Snap Fact #171

President Obama Strengthened A Bush Era Initiative To Focus On Science, Technology, Engineering And Math!
Today's SNAP-CAP is just another example of the stark differences between the Democratic controlled 112 Congress and the Republican dominated 112th. There are basic elements that make our country strong. Among them are education, employment opportunities for all, a fair Supreme Court, and a strong and secure middle class. The wide chasm that currently exists between the parties gives citizens a clear choice when we go to the polls on November 6th. The responsible voter pays attention to the issues and evaluates where the candidates and their parties platforms stand on issues that will affect their lives. 

All one needs to do is to compare and contrast the stands of the President and Governor Romney, and the records of the last two Congresses, on key issues and then look in the mirror to see where you stand. The choice between the 111th and 112th Congress is as clear as the choice between the candidates. Before you pull the lever you might ask yourself, do I want our country to have a president supported by a congress like the 111th or the 112th? 

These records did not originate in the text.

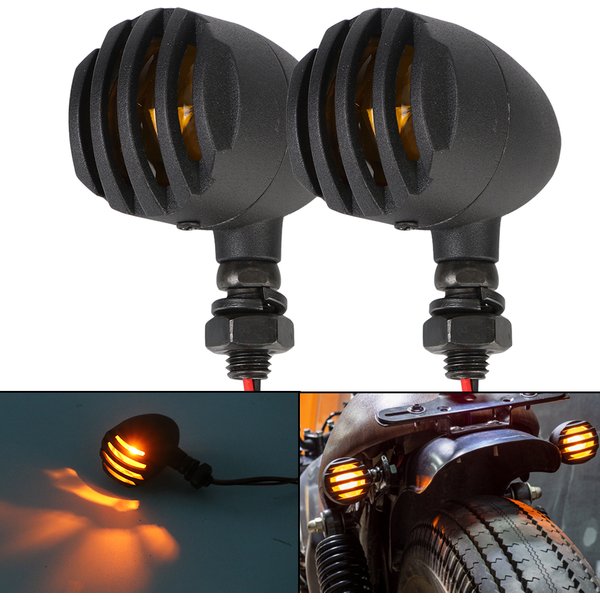Clignotant halogène en métal pour moto, Honda, Suzuki, 73Inboulon t, rétro, clôture, clignotant, 2 pièces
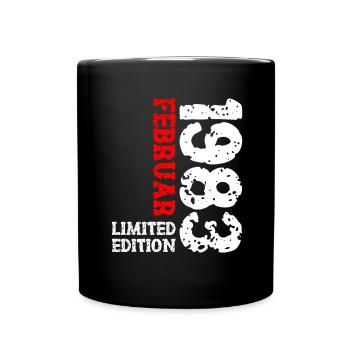 1983 Februar Limited Edition Geburtstag Mann Frau - Tasse einfarbig - Schwarz - Vorne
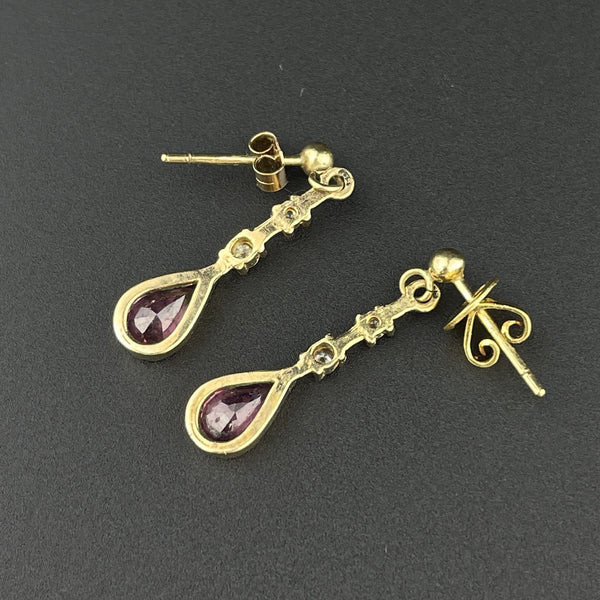 Vintage Gold Post Tourmaline Diamond Dangle Earrings - Boylerpf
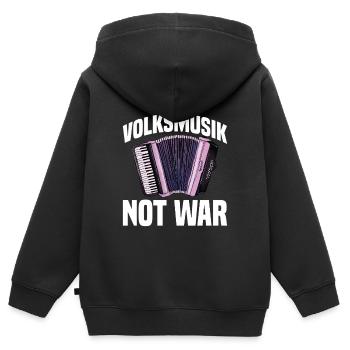 Akkordeon - Make Volksmusik not War - Kinder Premium Organic Zip Hoodie - Schwarz - Hinten - AI Model Kid Male (0cm)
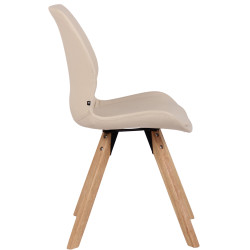 Chaise Luna en simili cuir crème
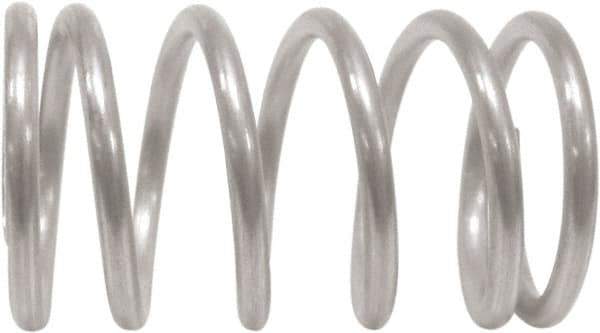 Associated Spring Raymond - 44mm OD, 4mm Wire, 340mm Free Length, Compression Spring - 10.46 Lb Spring Rating, 444.09 N Max Work Load, Stainless Steel - Exact Tool & Supply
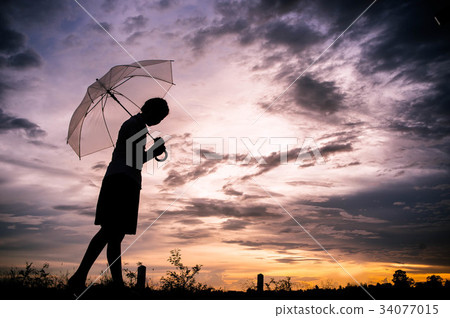 The girls silhouette style walking alone outdoor  34077015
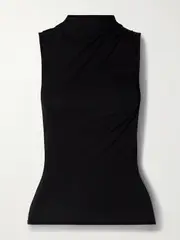 [Theory] Theory - Draped Stretch-jersey Tank - Black - x small x small Black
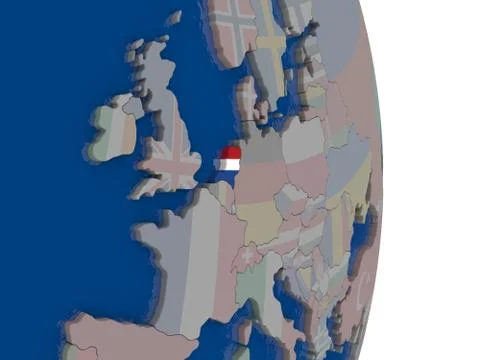 Netherlands with its flag Stock Illustration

The America COMPETES Reauthorization Act of 2010 (HR 5116), one of the many products of the 111th Congress, was signed into law by President Obama on Jan 4, 2011. COMPETES is the acronym for "Creating Opportunities to Meaningfully Promote Excellence in Technology, Education, and Science". 
The new bill is a comprehensive overhaul of 2007 legislation aimed at a 10-year budget doubling for involved agencies (listed below). 

Ironically, that idea was first proposed by President George W. Bush in 2006 and embraced by the Obama Administration, but in recent months, knocking the plan has become a way for House Republicans to label Democrats as reckless big spenders. 

The America COMPETES Reauthorization Act of 2010 requires the Director of the Office of Science and Technology Policy to establish a committee under the National Science and Technology Council, including the Office of Management and Budget, that has the responsibility of coordinating federal programs and activities in support of STEM* education, including at the National Science Foundation (NSF), Department of Energy (DOE), National Aeronautics and Space Administration (NASA), National Oceanic and Atmospheric Administration (NOAA), Department of Education, and all other federal agencies that have programs and activities in support of STEM education. *STEM stands for the academic and professional disciplines of Science, Technology, Engineering, and Mathematics.

Through federal funding and coordination of initiatives that support key national priorities, the Act strengthens the foundation of the U.S. economy, creates new jobs, and increases U.S. competitiveness abroad. HR 5116, which updates the America COMPETES Act of 2007, commits $45 billion to science, technology, and education programs over the next three years.